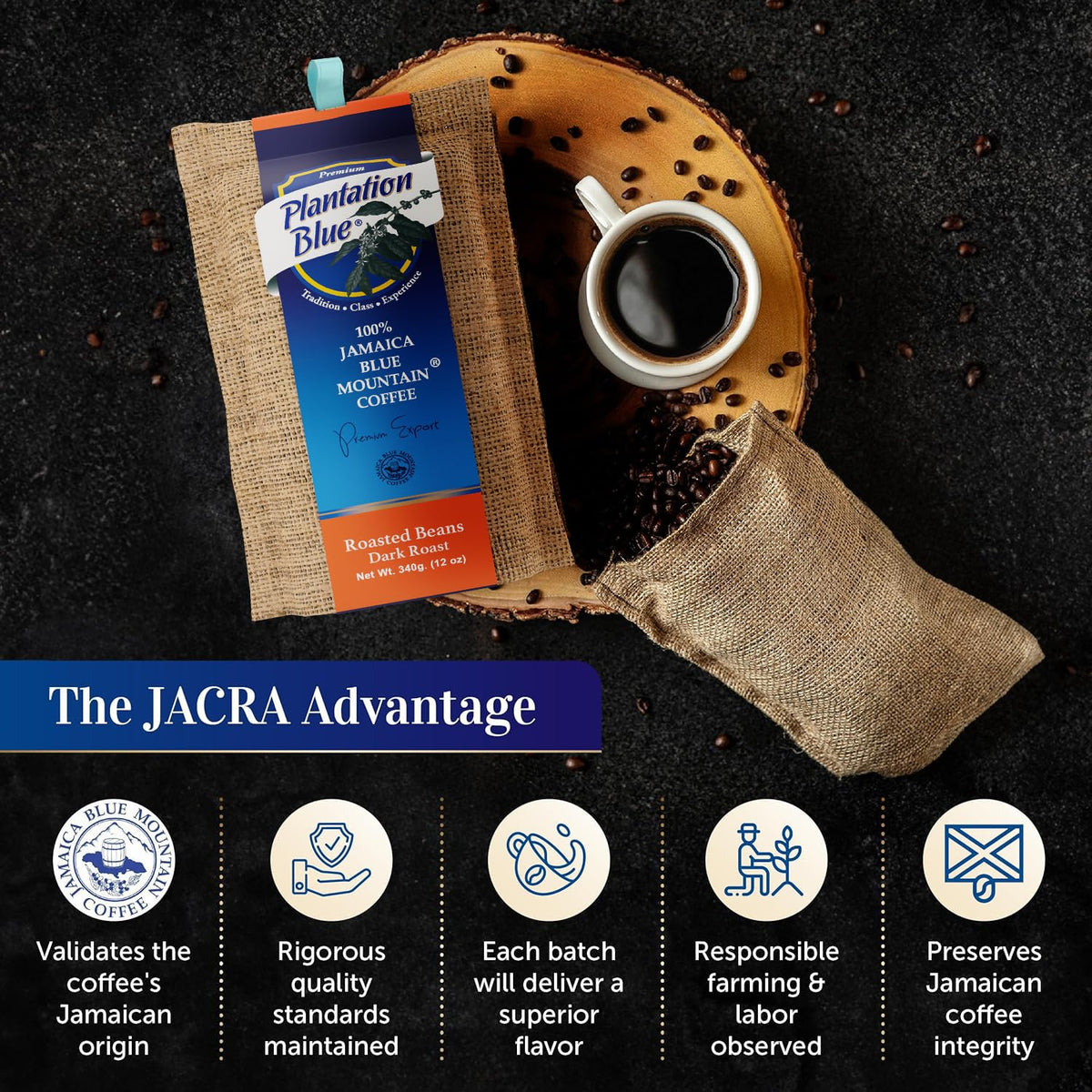 Plantation Blue 100% Jamaica Blue Mountain Coffee - Dark Roasted Beans (12oz) – Consulate X, view 4 of 9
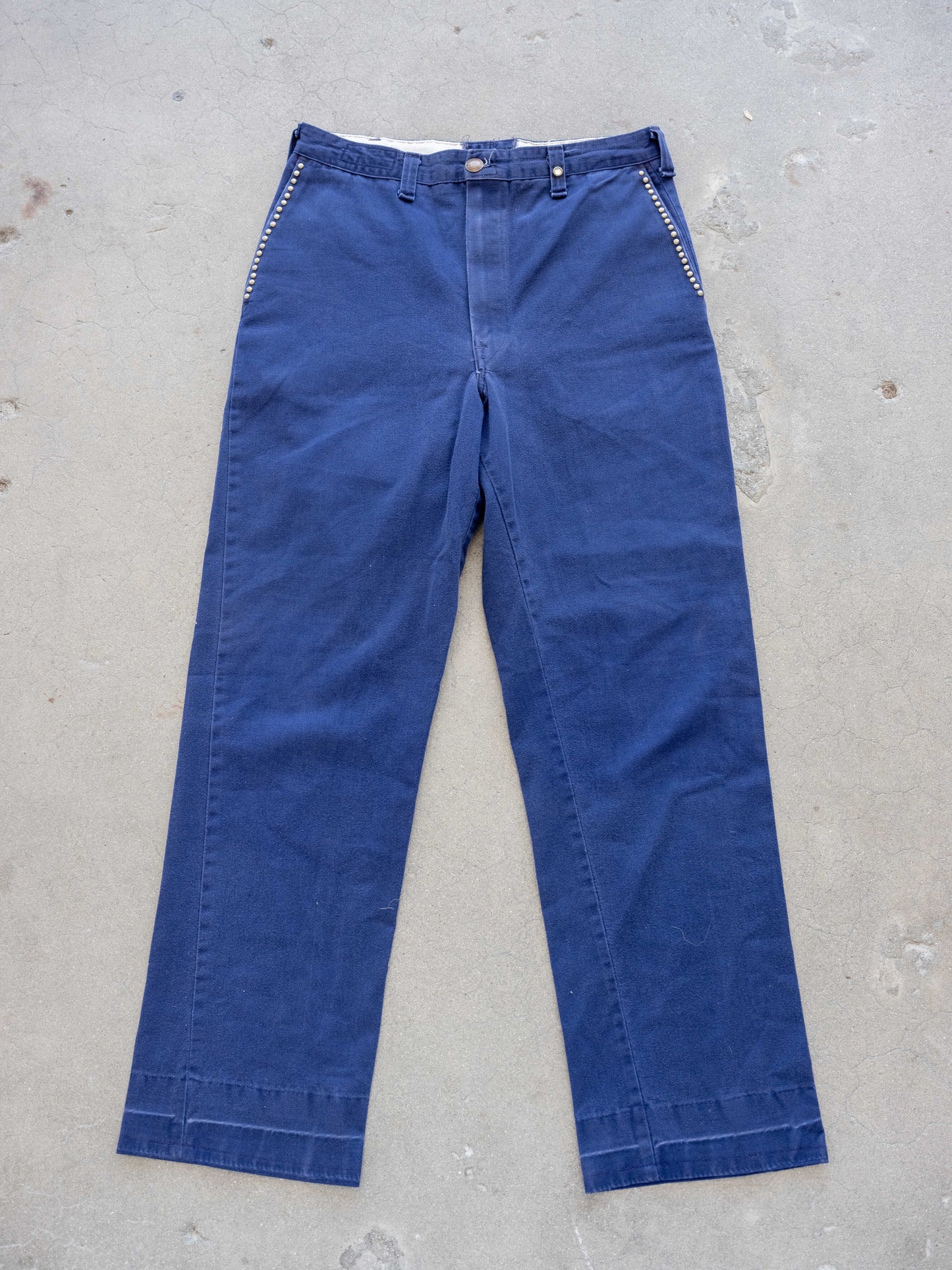 1960’s Studded Navy Chino’s with Buffalo Nickel Buttons 32W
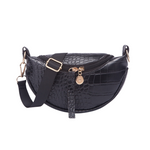 Bolsa de cintura de couro de crocodilo preto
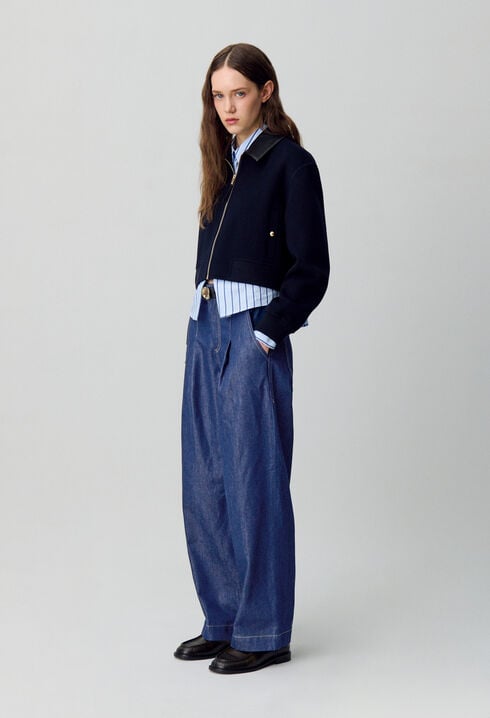 Raw denim straight-cut jeans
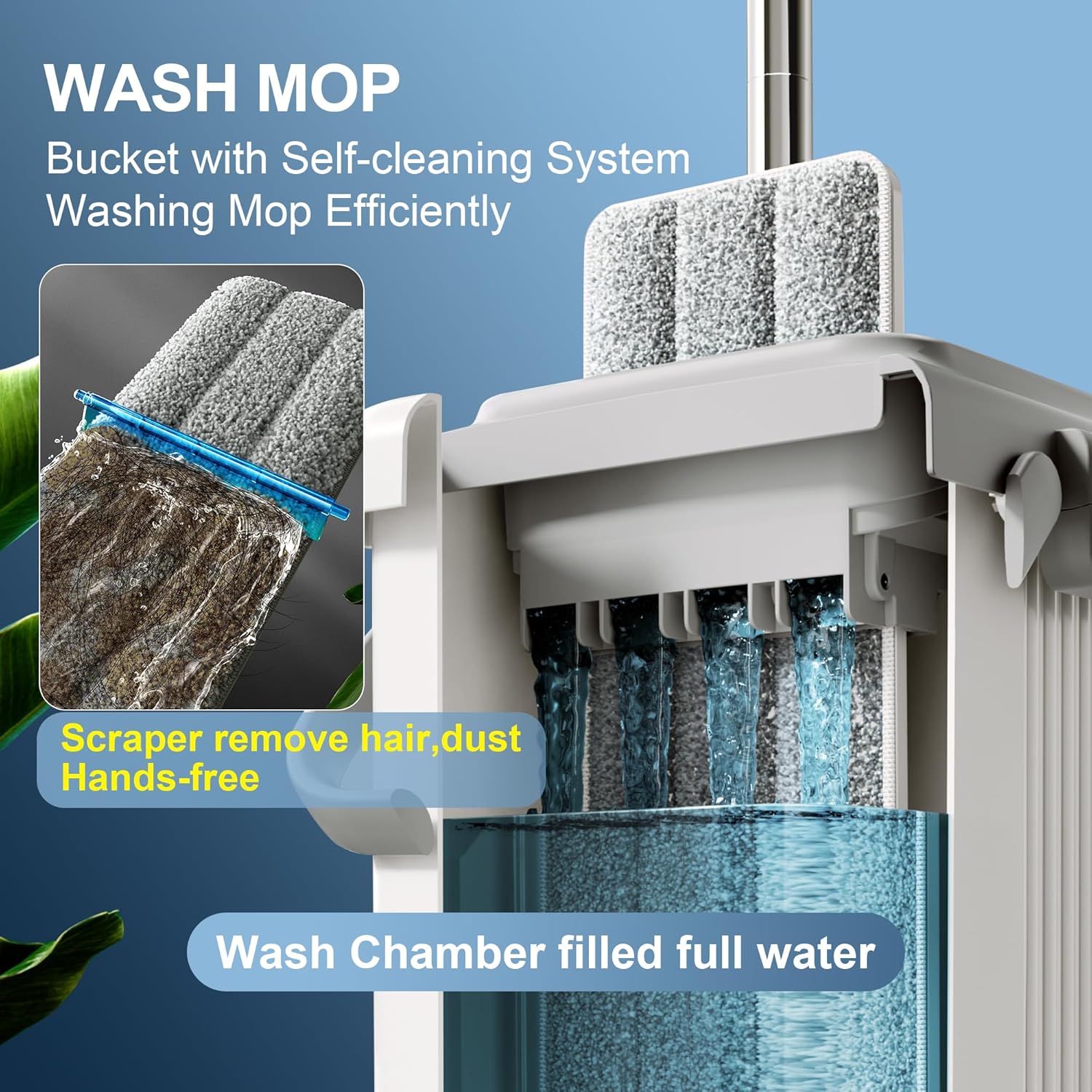 JOYMOOP Mop and Bucket with Wringer Set, Flat Squeeze Mop with Bucket (X-Large), Dust Mop for Wall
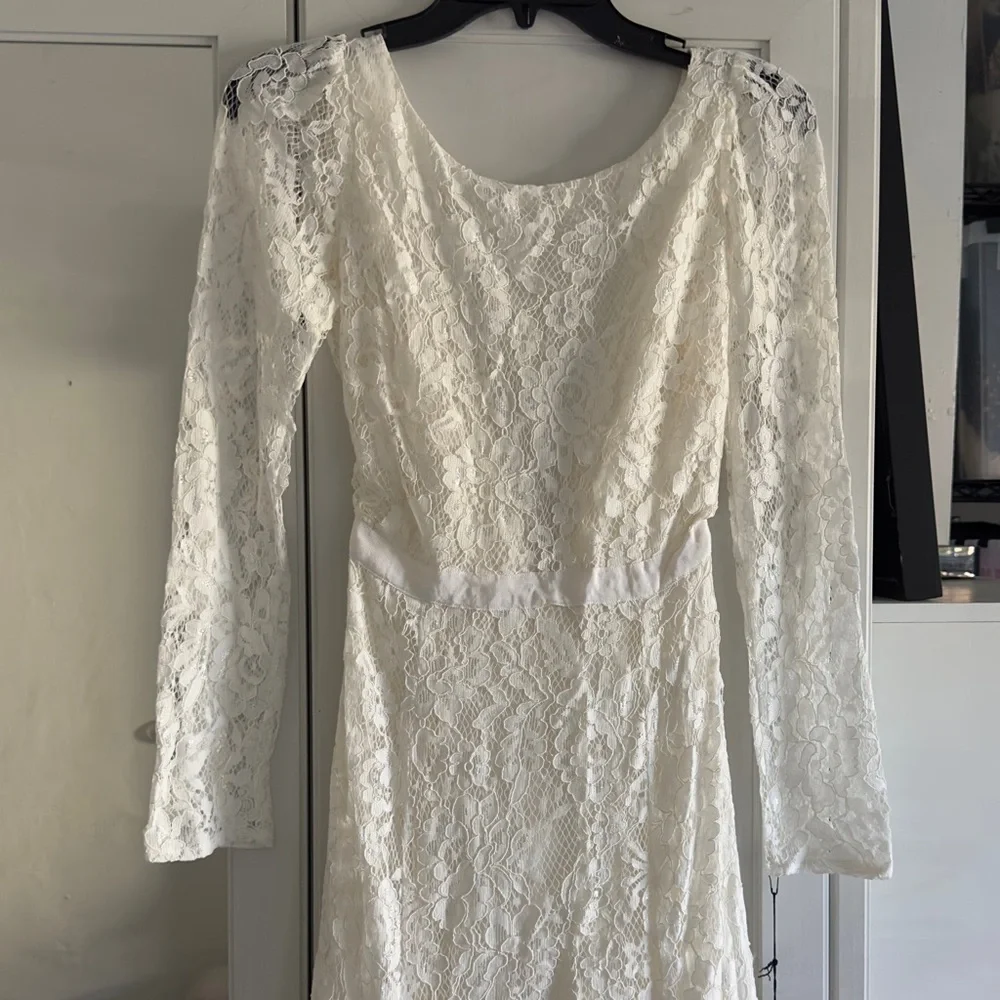 Reformation Hestia Lace Dress in Ivory Size 4 - Picture 4 of 10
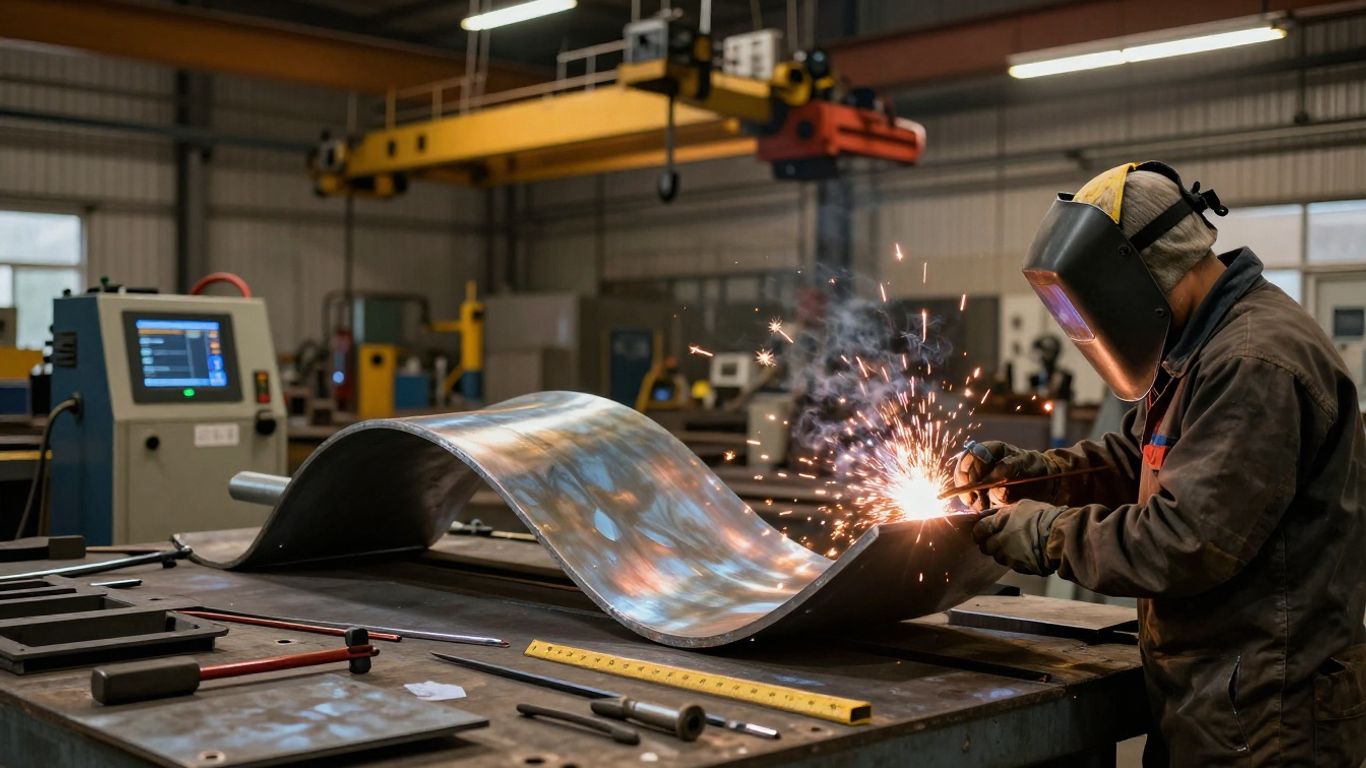 Fabricators assembling complex steel components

* * *

Work item >>
Without including any picture, restate every entry above exactly.

Expected answer >>
 Plantation Blue 100% Jamaica Blue Mountain Coffee - Dark Roasted Beans (12oz) – Consulate X, view 4 of 9
 1960’s Studded Navy Chino’s with Buffalo Nickel Buttons 32W
 Bolsa de cintura de couro de crocodilo preto
 Raw denim straight-cut jeans
 JOYMOOP Mop and Bucket with Wringer Set, Flat Squeeze Mop with Bucket (X-Large), Dust Mop for Wall
 Reformation Hestia Lace Dress in Ivory Size 4 - Picture 4 of 10
 Fabricators assembling complex steel components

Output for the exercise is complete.